Core Concepts
A deep learning-based approach utilizing pyramid sampling for the automated classification of HER2 status in immunohistochemically-stained breast cancer tissue images.
Abstract
The study introduces a deep learning-based method that utilizes pyramid sampling to automate the classification of HER2 status in immunohistochemically (IHC)-stained breast cancer tissue images. The pyramid sampling strategy captures morphological features at various spatial scales, efficiently managing the computational load and facilitating a detailed examination of cellular and larger-scale tissue-level details. This method addresses the tissue heterogeneity of HER2 expression by providing a comprehensive view, leading to a blind testing classification accuracy of 84.70%, on a dataset of 523 core images from tissue microarrays. The automated system has the potential to enhance diagnostic precision and evaluation speed, and might significantly impact cancer treatment planning.
The study first provides an overview of the challenges in manual HER2 evaluation, including inter- and intra-observer inconsistency and extended turnaround times. It then describes the proposed deep learning-based approach, which utilizes a pyramid sampling strategy to capture multi-scale tissue features. The classification network is trained on a dataset of 1462 core images from 823 patients, with an additional 162 cores from 149 patients used for validation. The model's performance is then blindly evaluated using 523 core images from 300 patients.
The results demonstrate the capability of the automated HER2 scoring system through qualitative and quantitative analyses. The model's predictions reflect the level of HER2 expression, with the majority of high-confidence predictions aligning with the consensus category in most samples. Monte Carlo simulations are used to optimize the number of independent pyramid sampling sets (N) and the confidence threshold parameter (k) for the final HER2 score prediction. The study shows that increasing the number of PSSs (N) up to 20 significantly improves the classification accuracy, which reaches a maximum of 87.76%. Additionally, the analysis of the confidence threshold parameter (k) reveals that a value within the range of 1 to 20 maintains optimal classification performance.
The discussion highlights the key advantages of the proposed approach, including its ability to address the challenge of HER2 expression heterogeneity and its potential to standardize HER2 assessment, streamline pathologists' workflow, and improve diagnostic accuracy. The study concludes that the automated, deep learning-based HER2 scoring framework represents a significant advancement in breast cancer diagnostics, contributing to the advancement of personalized medicine and improving patient care in oncology.
Stats
Blind testing set includes 523 core images from 300 patients that were not previously seen by the model during the training or validation.

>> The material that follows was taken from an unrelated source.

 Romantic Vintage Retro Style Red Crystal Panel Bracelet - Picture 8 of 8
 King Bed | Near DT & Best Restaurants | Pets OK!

The training set consists of 1462 core images from 823 patients, and the validation set includes 162 cores from 149 patients.
Quotes
"Our automated system, proving reliable as an adjunct pathology tool, has the potential to enhance diagnostic precision and evaluation speed, and might significantly impact cancer treatment planning."
"By prioritizing predictions with the highest confidence, our approach reduces the chance of inaccuracies due to lower-confidence inferences, ensuring the final HER2 score is based on significant expressions."
"This automated approach can help standardize HER2 assessment, streamline pathologists' workflow, and improve diagnostic accuracy."